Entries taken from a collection
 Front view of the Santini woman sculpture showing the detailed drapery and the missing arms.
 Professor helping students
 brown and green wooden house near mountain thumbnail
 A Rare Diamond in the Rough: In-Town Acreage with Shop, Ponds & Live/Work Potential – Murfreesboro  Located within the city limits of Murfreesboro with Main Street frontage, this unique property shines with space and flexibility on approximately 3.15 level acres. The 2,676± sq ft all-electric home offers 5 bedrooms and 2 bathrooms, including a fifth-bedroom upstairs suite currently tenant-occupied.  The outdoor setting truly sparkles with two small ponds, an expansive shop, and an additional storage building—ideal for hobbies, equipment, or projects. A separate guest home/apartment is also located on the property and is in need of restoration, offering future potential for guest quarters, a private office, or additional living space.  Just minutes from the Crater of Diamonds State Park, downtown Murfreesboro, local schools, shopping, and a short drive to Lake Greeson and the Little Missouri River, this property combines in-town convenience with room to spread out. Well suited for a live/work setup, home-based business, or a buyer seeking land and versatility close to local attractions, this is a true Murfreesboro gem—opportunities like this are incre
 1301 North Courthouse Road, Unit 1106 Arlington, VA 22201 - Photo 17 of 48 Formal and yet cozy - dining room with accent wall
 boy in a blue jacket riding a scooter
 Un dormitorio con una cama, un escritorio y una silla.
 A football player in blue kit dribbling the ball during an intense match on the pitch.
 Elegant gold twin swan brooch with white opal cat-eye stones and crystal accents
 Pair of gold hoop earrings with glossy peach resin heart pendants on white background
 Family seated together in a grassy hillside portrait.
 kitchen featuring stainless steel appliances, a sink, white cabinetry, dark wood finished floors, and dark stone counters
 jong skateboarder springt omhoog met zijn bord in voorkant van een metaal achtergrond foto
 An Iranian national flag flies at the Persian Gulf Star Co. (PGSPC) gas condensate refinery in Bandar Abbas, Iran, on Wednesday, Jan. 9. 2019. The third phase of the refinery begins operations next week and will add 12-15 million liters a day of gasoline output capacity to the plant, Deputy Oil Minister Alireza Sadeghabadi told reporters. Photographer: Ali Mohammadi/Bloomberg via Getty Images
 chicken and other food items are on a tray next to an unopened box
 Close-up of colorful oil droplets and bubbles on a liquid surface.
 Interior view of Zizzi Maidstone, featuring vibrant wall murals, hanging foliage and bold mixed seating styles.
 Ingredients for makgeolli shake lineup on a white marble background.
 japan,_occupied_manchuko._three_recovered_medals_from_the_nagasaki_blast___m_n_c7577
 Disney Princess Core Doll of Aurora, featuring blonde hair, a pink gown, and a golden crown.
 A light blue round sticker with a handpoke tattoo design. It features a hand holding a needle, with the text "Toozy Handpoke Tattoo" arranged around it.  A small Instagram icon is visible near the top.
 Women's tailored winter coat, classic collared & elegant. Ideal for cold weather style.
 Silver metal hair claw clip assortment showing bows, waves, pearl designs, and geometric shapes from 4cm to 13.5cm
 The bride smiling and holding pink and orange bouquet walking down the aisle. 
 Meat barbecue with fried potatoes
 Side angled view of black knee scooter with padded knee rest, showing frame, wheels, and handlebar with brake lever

ABOUT THIS EXERCISE —
Output must be limited to the lines beginning with the one that contains "Close-up of colorful" and ending with the last line of the entries, reproduced exactly.

REPLY —
 Close-up of colorful oil droplets and bubbles on a liquid surface.
 Interior view of Zizzi Maidstone, featuring vibrant wall murals, hanging foliage and bold mixed seating styles.
 Ingredients for makgeolli shake lineup on a white marble background.
 japan,_occupied_manchuko._three_recovered_medals_from_the_nagasaki_blast___m_n_c7577
 Disney Princess Core Doll of Aurora, featuring blonde hair, a pink gown, and a golden crown.
 A light blue round sticker with a handpoke tattoo design. It features a hand holding a needle, with the text "Toozy Handpoke Tattoo" arranged around it.  A small Instagram icon is visible near the top.
 Women's tailored winter coat, classic collared & elegant. Ideal for cold weather style.
 Silver metal hair claw clip assortment showing bows, waves, pearl designs, and geometric shapes from 4cm to 13.5cm
 The bride smiling and holding pink and orange bouquet walking down the aisle. 
 Meat barbecue with fried potatoes
 Side angled view of black knee scooter with padded knee rest, showing frame, wheels, and handlebar with brake lever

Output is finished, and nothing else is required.